With data that fits the rules, an ordered set might be:
col1 col2 col3 col4
1 2 _ 5
3 6 7 _
_ 7 8 9
4 _ 9 _
Would the solution algorithm be different with "illegal" data that could still be in order for every column?
col1 col2 col3 col4
_ 3 _ 2
3 5 _ 3
_ 6 2 _
4 _ 3 6

Hi John

With no solution yet for Barry's "killer data" I reckon we need every clue we can get 🙂

^{“Write the query the simplest way.

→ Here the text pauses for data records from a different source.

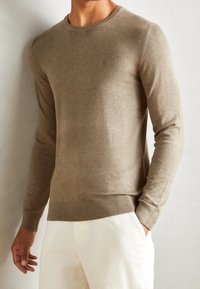 Beżowy sweter robiony na drutach z okrągłym dekoltem, długimi rękawami oraz prążkowanymi mankietami i dołem. Tkanina wydaje się miękka i może mieć subtelną fakturę.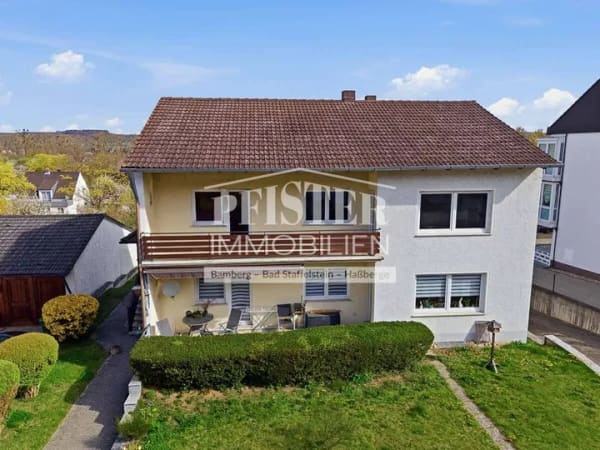 Immobilie in Viereth-Trunstadt - Ein Zuhause mit Zukunft: Zweifamilienhaus in Viereth mit großem Garten - Bild 0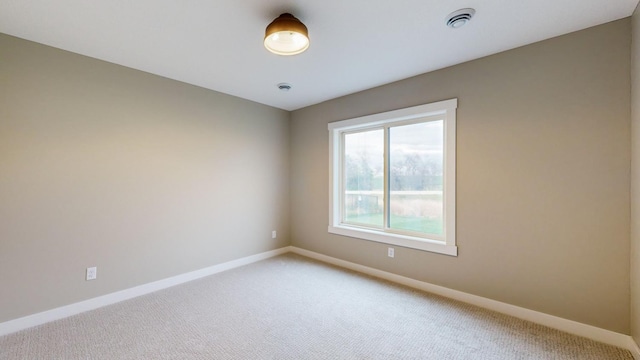 unfurnished room with carpet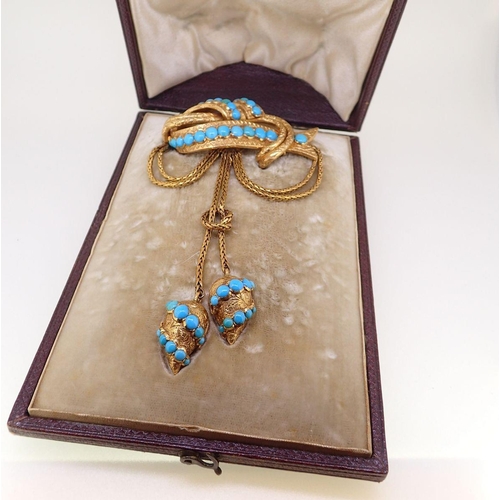 411 - A Victorian gold large pendant brooch set turquoise, the entwined ribbon and bar with double chain s... 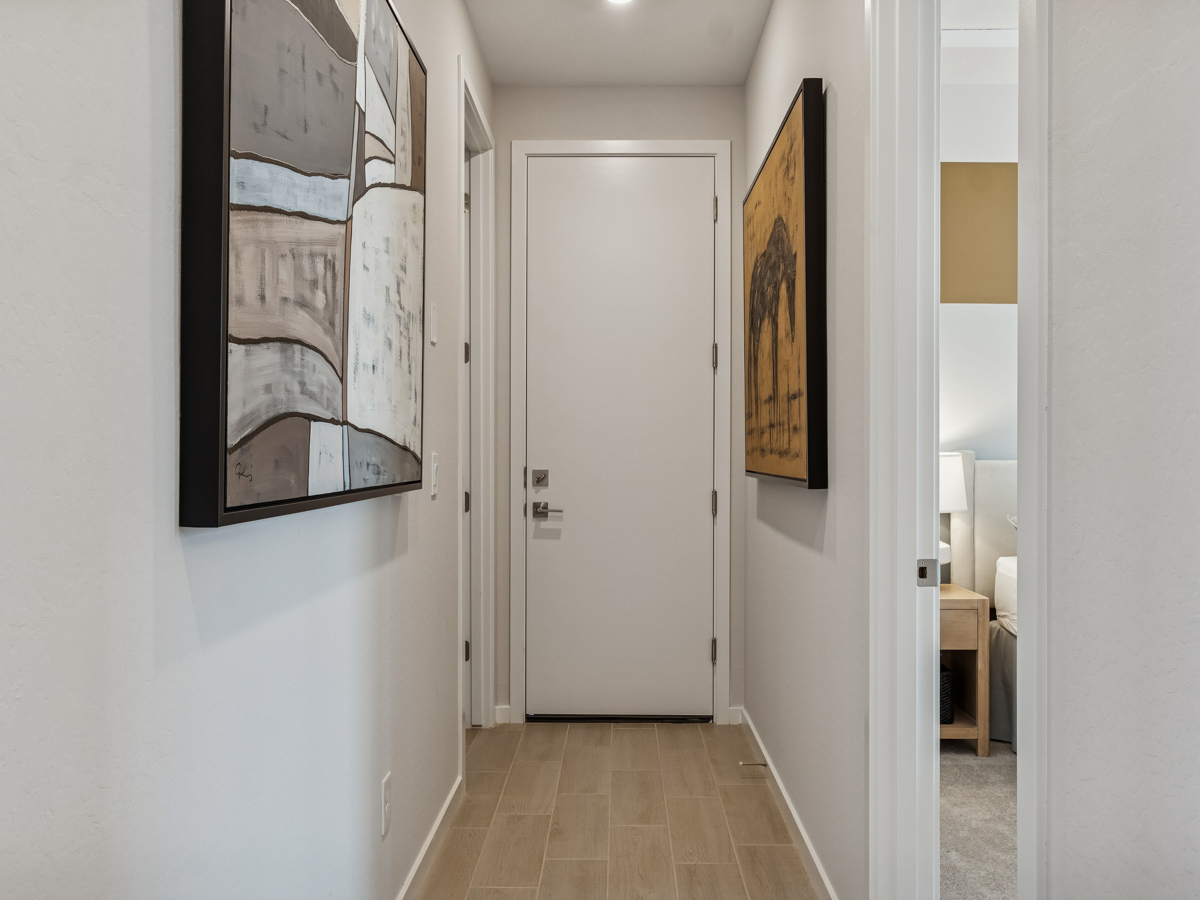 A hallway with a door and a painting on the wall.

If through testing it becomes clear that the performance is inadequate, consider alternative query forms.” - Gail Shaw}

For fast, accurate and documented assistance in answering your questions, please read this article.
Understanding and using APPLY, (I) and (II) Paul White
Hidden RBAR: Triangular Joins / The "Numbers" or "Tally" Table: What it is and how it replaces a loop Jeff Moden

john.arnott SSChampion Points: 11882 More actions · Answer 13

Christopher Stobbs (4/9/2009)
Am I correct in saying the values need to stay in the same rows?
or could I sort this sample as follows:
Sample
Col1 Col2 Col3
9 1 6
null 7 2
8 null 4
result 1
Col1 Col2 Col3
1 2 4
6 7 8
9 null null
Or does it have to be like the this?
Result 2
Col1 Col2 Col3
1 6 9
2 7 null
4 8 null
This sounds like an awesome puzzle

By my understanding of the conditions of the puzzle, your sample data is illegal. Each row is to remain intact and the result has to find every column in ascending sequence after ignoring nulls. With your sample data, it's impossible to have both col2 and col3 in order at the same time.

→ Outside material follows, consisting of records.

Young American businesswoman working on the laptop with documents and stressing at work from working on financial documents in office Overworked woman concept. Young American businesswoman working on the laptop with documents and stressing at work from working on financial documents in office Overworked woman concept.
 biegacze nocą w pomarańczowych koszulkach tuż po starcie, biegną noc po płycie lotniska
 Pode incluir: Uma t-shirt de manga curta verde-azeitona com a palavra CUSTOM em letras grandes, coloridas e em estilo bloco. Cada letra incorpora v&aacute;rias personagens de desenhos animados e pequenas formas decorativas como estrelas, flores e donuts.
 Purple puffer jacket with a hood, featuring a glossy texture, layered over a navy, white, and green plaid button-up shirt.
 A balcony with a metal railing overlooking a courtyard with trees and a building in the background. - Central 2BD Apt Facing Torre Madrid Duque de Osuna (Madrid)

SwePeso SSC-Dedicated Points: 39725 More actions · Answer 14

Well, I have thought out a proper use-case.

Think of the eight columns as a freeway with 8 lanes.

All 8 lanes are always open.

At the "end" of the freeway (starting from top to bottom), there comes a toll-booth. This is marked by the columns having a value.

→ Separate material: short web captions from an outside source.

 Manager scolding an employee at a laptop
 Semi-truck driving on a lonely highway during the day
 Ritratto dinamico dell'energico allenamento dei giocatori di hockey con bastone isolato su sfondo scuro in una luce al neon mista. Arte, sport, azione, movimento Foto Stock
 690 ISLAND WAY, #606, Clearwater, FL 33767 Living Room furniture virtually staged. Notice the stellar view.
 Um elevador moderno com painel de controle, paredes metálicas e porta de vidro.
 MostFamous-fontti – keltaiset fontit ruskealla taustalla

You want to use the tool-booth where the cost is the lowest for passing by.

So you need to find the next record to continue the travel.

If you start with CorrectSequence 1, you see that toll-booh 1 and 2 are open. So you find next record which has at least one of toll-both 1 and 2 open. There can be other open too, but to pass toll-booth 1 or toll-booth 2 has to be used, and för any matching record you choose the one with the smallest difference in fees. Difference is between records.

So you find CorrectSequence 2 (by passing toll-booth 2). All traffic passes that toll-booth and spread over the 8 lanes again. When this section/record has ended (CorrectSequence 2) you find that now is toll-booths 2 and 3 are open. So you need to find another record which has at least toll-booth 2 or 3 open.

So you find CorrectSequence 3 because it has the smallest difference of fees. Traffic passes and spreads across all 8 lanes.

Then you find CorrectSequence 4 because that record has toll-booth 1 and 6 open. Traffic passes and then you find CorrectSequence 5 which has toll-booth 1 open and this toll-booth has the smalles difference of fees.

Does this explanation make anything clearer?

N 56°04'39.16"
E 12°55'05.25"

john.arnott SSChampion Points: 11882 More actions · Answer 15

Peso,

I'm not sure that I'm following your toll-booth analogy properly. I don't see how it fits with the data you posted as coming from the OP:

SELECT 1, 2.35, 3.01, 3.49, 4.25, 4.79, 5.36, 5.82, 6.31

UNION SELECT 2, null, 3.59, 4.32, null, 5.21, null, null, 7.12

UNION SELECT 3, NULL, null, null, 5.23, 5.41, 6.33, 6.89, 7.99

UNION SELECT 4, null, 5.46, 5.31, 5.92, null, 6.87, 7.34, null

UNION SELECT 5, 5.12, 5.66, 6.31, 6.92, null, 7.87, 8.34, null

By saying "toll booths 1 and 2 are open", do you mean you have non-null data in them? So then what? We find the row with the next higher value for col1 or col2? So far, so good -- we have found row 2. But then what happens... we see that in row 2 we have values in col2 and col3. If we just look for the next higher value in those two columns, we'll get row 4 and miss row 3.